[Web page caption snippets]
═══

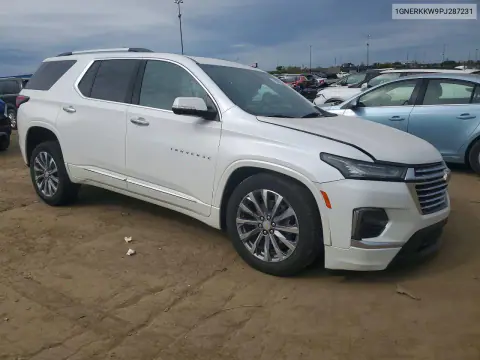 2023 Chevrolet Traverse Premier VIN 1GNERKKW9PJ287231 фото 4
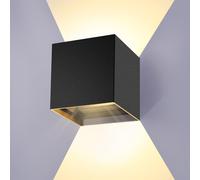 Lampe Murale LED Etanche IP65 Réglable Lampe Up Down Design 3000K Blanc Chaud Vendos85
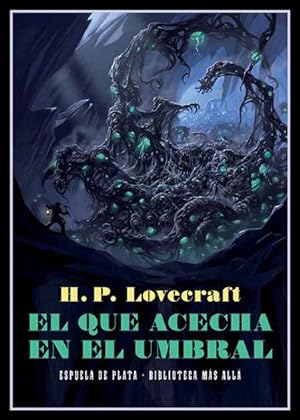 Imagen del vendedor de El que acecha en el umbral. Traduccin de Casiano S. Martnez En los mitos de Cthulhu creados por H. P. Lovecraft (1890-1937) destacan significativamente tambin las aportaciones de sus discpulos. Uno de los ms brillantes, August William Derleth (1909-1971), fund a la muerte de Lovecraft una editorial, Arkham House, para publicar los muchos trabajos inditos que haba dejado el maestro y, tambin, originales propios con gran influencia de la narrativa lovecraftiana. Una de las novelas ms interesantes de Derleth es, sin duda, El que acecha en el umbral (The Lurker at the Threshold), publicada por vez primera en 1945 por Arkham House. El universo de Cthulhu, ese conjunto de prodigios y maravillas que surgi de la mente de Lovecraft, se ve enriquecido y ampliado por Derleth en esta obra, cuyo noventa por ciento es suyo y tan solo un diez por ciento de Lovecraft. No obstante, la autora de El que acecha en el umbral, debido al prestigio del responsable de ese diez por ciento, suele atr a la venta por Librera y Editorial Renacimiento, S.A.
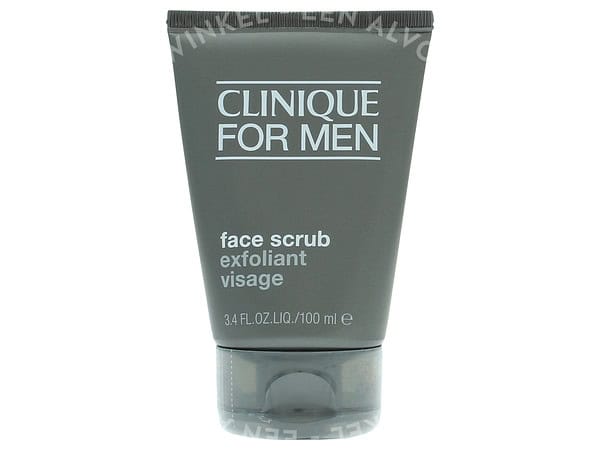 Clinique For Men Face Scrub 100ml 100% Fragrance Free
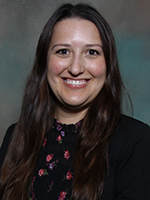 Portrait of Carmela Dailey-Vargas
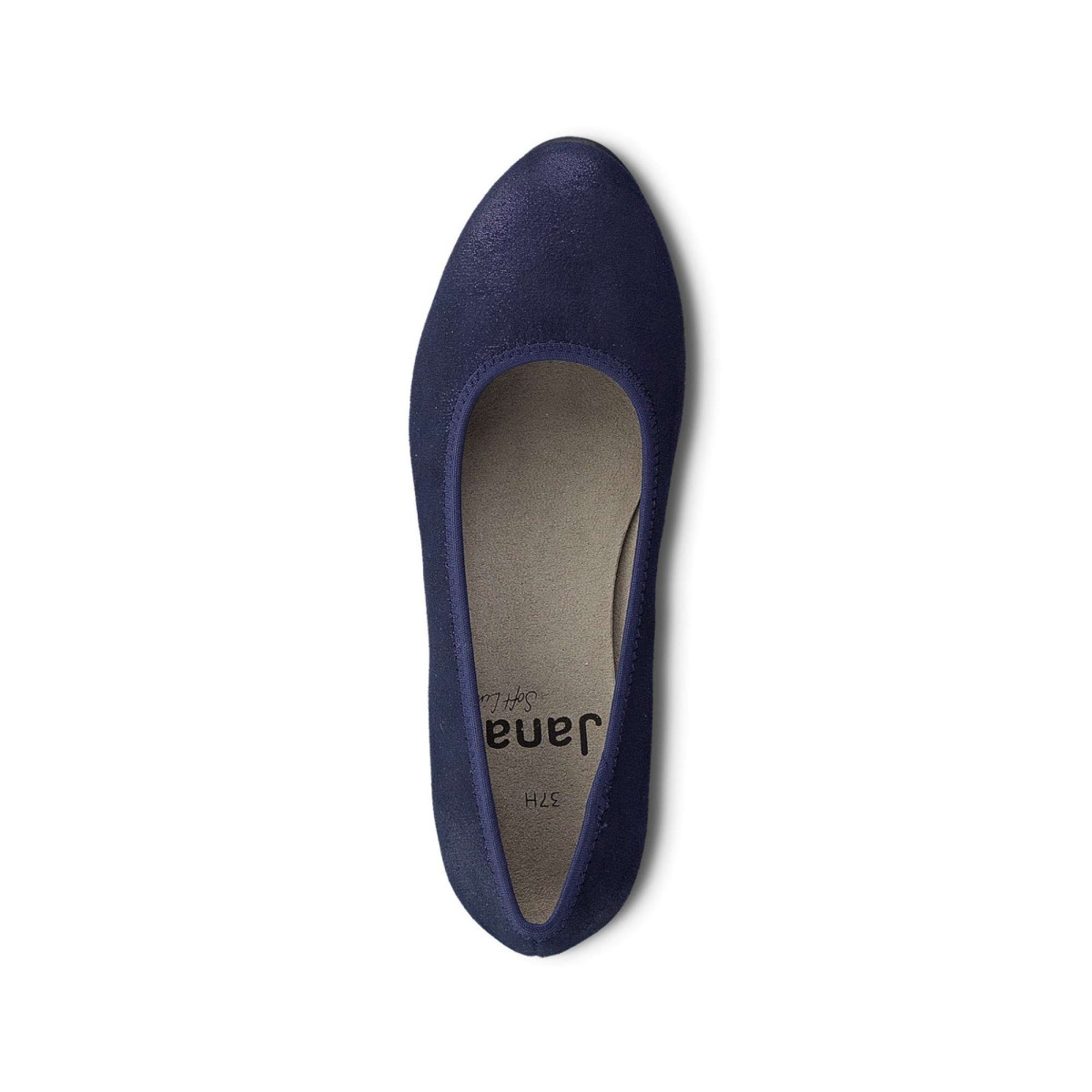 detail Dámská obuv JANA 8-8-22361-22 NAVY METALLIC 897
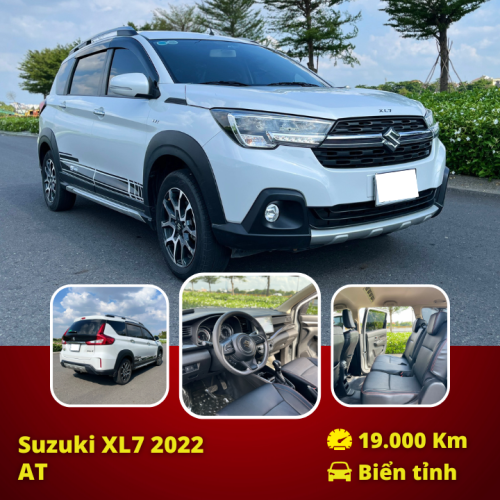 Suzuki Xl7 2022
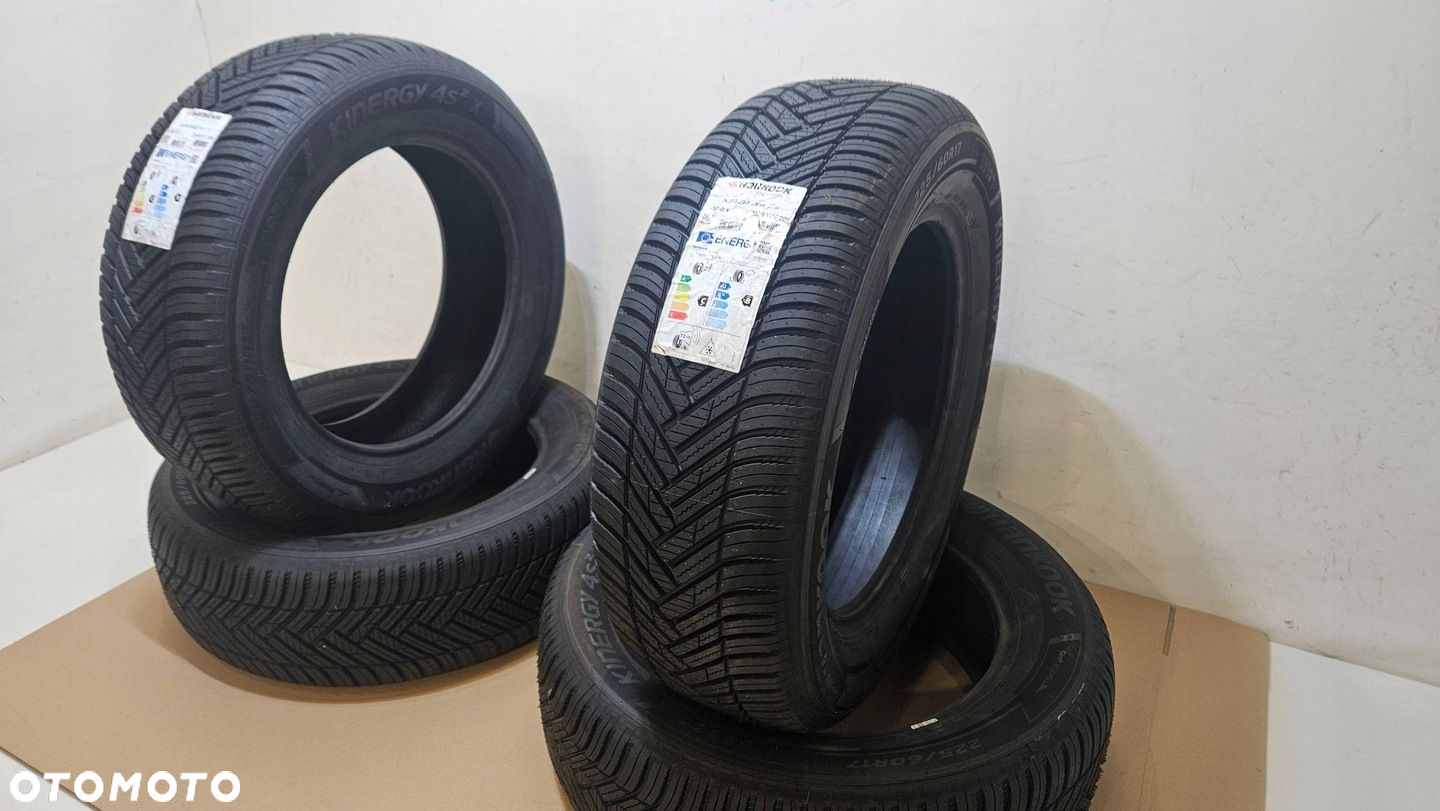 OPONY WIELOSEZONOWE CAŁOROCZNE HANKOOK KINERGY 4S 225/60/17 2123 NOWE - 3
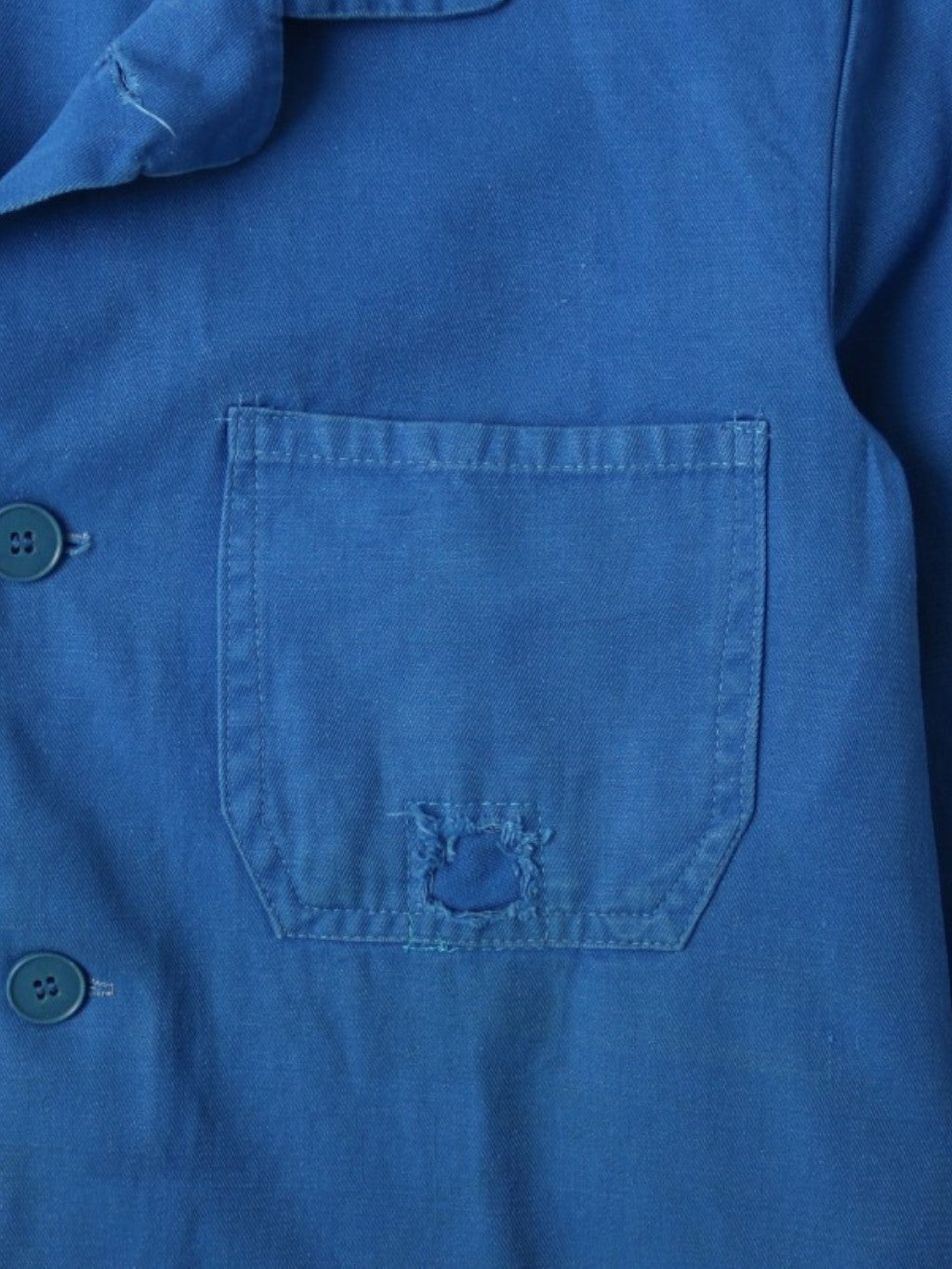 Vintage Chore Jacket - Blue
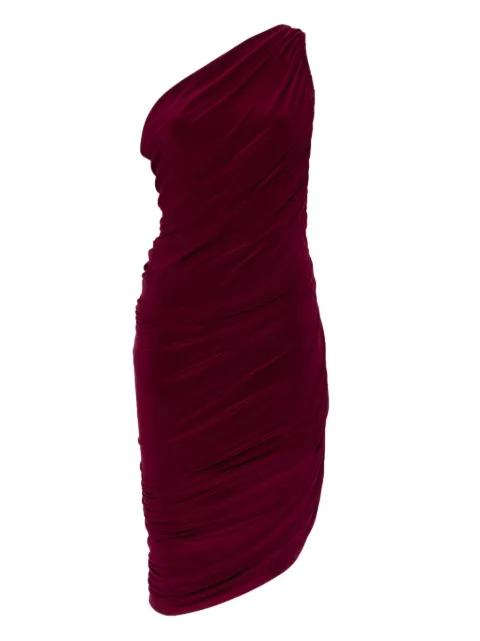 Diana one-shoulder mini dress by NORMA KAMALI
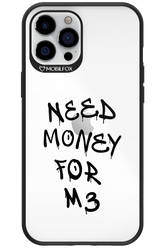 Need M3 Transparent Black - Apple iPhone 12 Pro Max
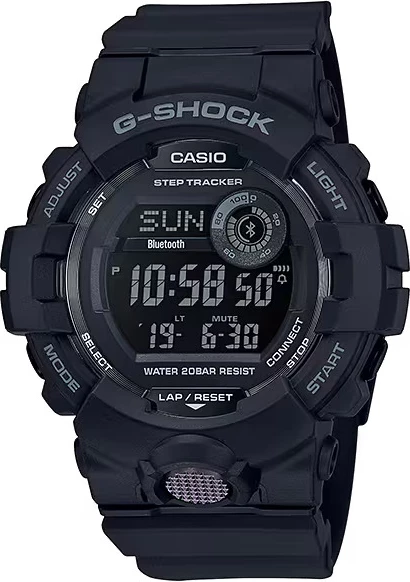 Orë dore G-SHOCK GBD-800-1B, e zezë
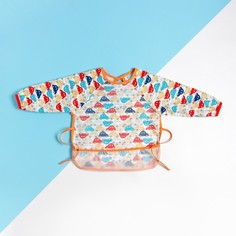 Фартук детский Этель "Машинки", рост 100-115 см No Brand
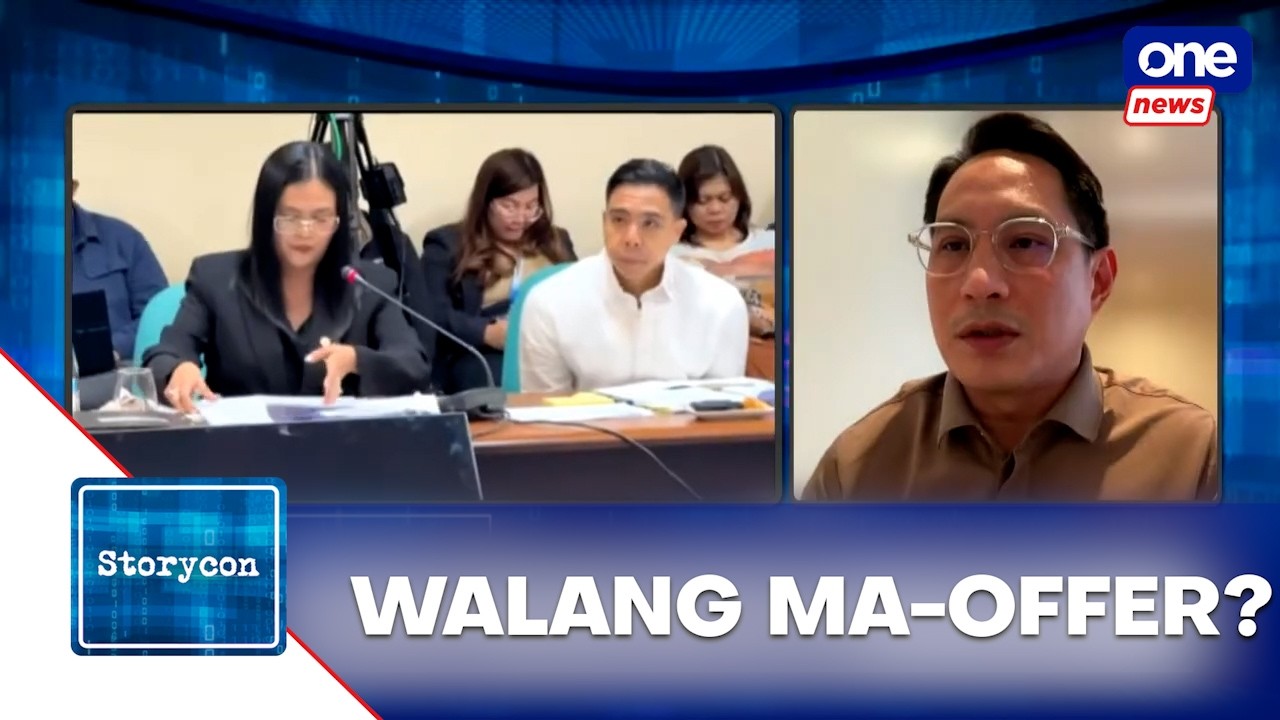 Adiong: Defense appears to focus on delay tactics | Storycon
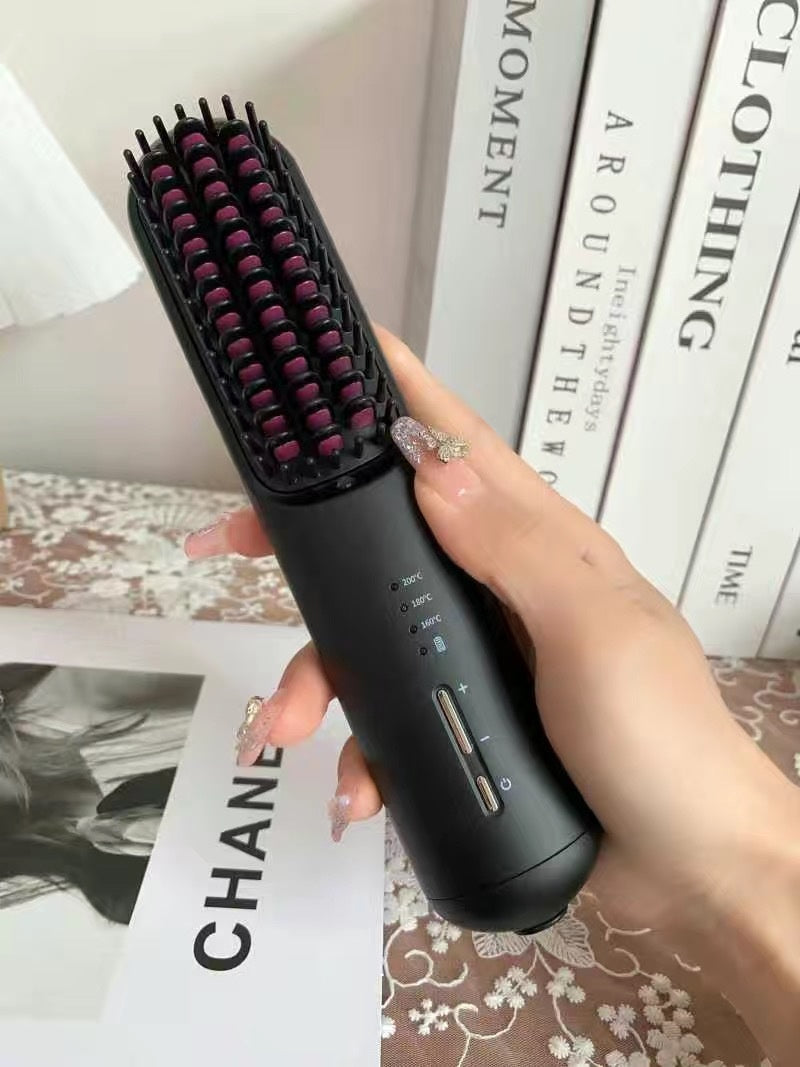 3 générations mini charge ménagère portative lisseurs de cheveux sans fil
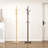 Modern Coat Rack Solid Wood, 9 Hooks Coat Hanger Stand Entryway Home Furniture 1pc-791551673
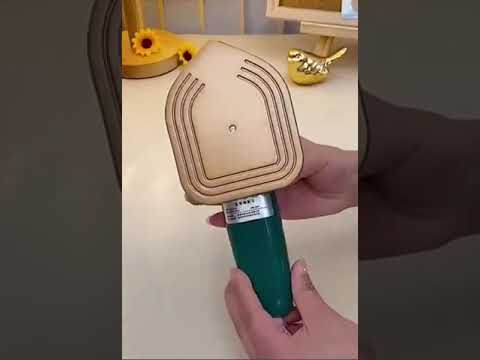 Portable steam iron handheld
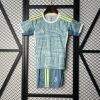 25/26 Juventus Away Football Shirt Kids Size Suit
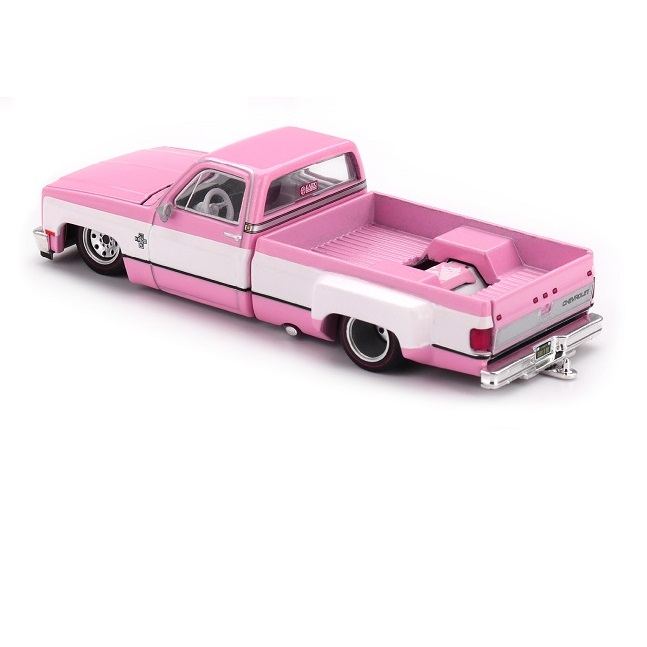 MINI GT 1:64 KAIDO★HOUSE CHEVROLET SILVERADO DUALLY VINTAGE SPEC V2 (KHMG243) - Image 3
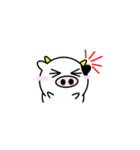 うし夫のだるるんライフ（個別スタンプ：38）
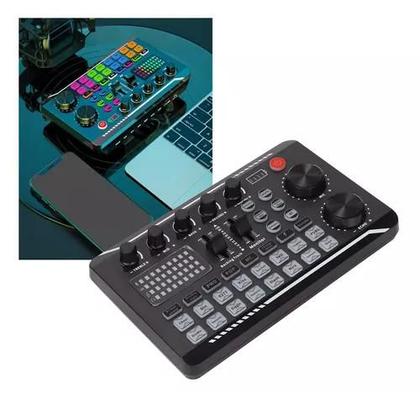 Imagem de Mesa De Som V8 Computador Fone De Ouvido Streamer Live m.v8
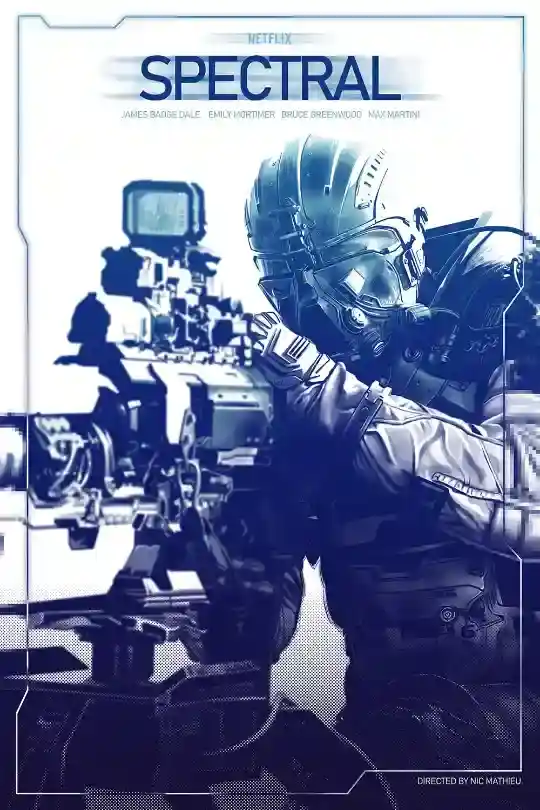 Spectral (2016) BluRay {English With Subtitles} Full Movie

═══

▶ **ASSIGNMENT**
The answer is the entries above, given again exactly, with no pictures among them.

▶ **RESPONSE TO THE EXERCISE**
 2023 Chevrolet Traverse Premier VIN 1GNERKKW9PJ287231 фото 4
 Lampe Murale LED Etanche IP65 Réglable Lampe Up Down Design 3000K Blanc Chaud Vendos85
 Imagen del vendedor de El que acecha en el umbral. Traduccin de Casiano S. Martnez En los mitos de Cthulhu creados por H. P. Lovecraft (1890-1937) destacan significativamente tambin las aportaciones de sus discpulos. Uno de los ms brillantes, August William Derleth (1909-1971), fund a la muerte de Lovecraft una editorial, Arkham House, para publicar los muchos trabajos inditos que haba dejado el maestro y, tambin, originales propios con gran influencia de la narrativa lovecraftiana. Una de las novelas ms interesantes de Derleth es, sin duda, El que acecha en el umbral (The Lurker at the Threshold), publicada por vez primera en 1945 por Arkham House. El universo de Cthulhu, ese conjunto de prodigios y maravillas que surgi de la mente de Lovecraft, se ve enriquecido y ampliado por Derleth en esta obra, cuyo noventa por ciento es suyo y tan solo un diez por ciento de Lovecraft. No obstante, la autora de El que acecha en el umbral, debido al prestigio del responsable de ese diez por ciento, suele atr a la venta por Librera y Editorial Renacimiento, S.A.
 Clinique For Men Face Scrub 100ml 100% Fragrance Free
 Portrait of Carmela Dailey-Vargas
 detail Dámská obuv JANA 8-8-22361-22 NAVY METALLIC 897
 Suzuki Xl7 2022
 OPONY WIELOSEZONOWE CAŁOROCZNE HANKOOK KINERGY 4S 225/60/17 2123 NOWE - 3
 Vintage Chore Jacket - Blue
 Diana one-shoulder mini dress by NORMA KAMALI
 Need M3 Transparent Black - Apple iPhone 12 Pro Max
 Orë dore G-SHOCK GBD-800-1B, e zezë
 Фартук детский Этель "Машинки", рост 100-115 см No Brand
 Adiong: Defense appears to focus on delay tactics | Storycon
 3 générations mini charge ménagère portative lisseurs de cheveux sans fil
 Modern Coat Rack Solid Wood, 9 Hooks Coat Hanger Stand Entryway Home Furniture 1pc-791551673
 Portable steam iron handheld
 25/26 Juventus Away Football Shirt Kids Size Suit
 MINI GT 1:64 KAIDO★HOUSE CHEVROLET SILVERADO DUALLY VINTAGE SPEC V2 (KHMG243) - Image 3
 うし夫のだるるんライフ（個別スタンプ：38）
 Imagem de Mesa De Som V8 Computador Fone De Ouvido Streamer Live m.v8
 Spectral (2016) BluRay {English With Subtitles} Full Movie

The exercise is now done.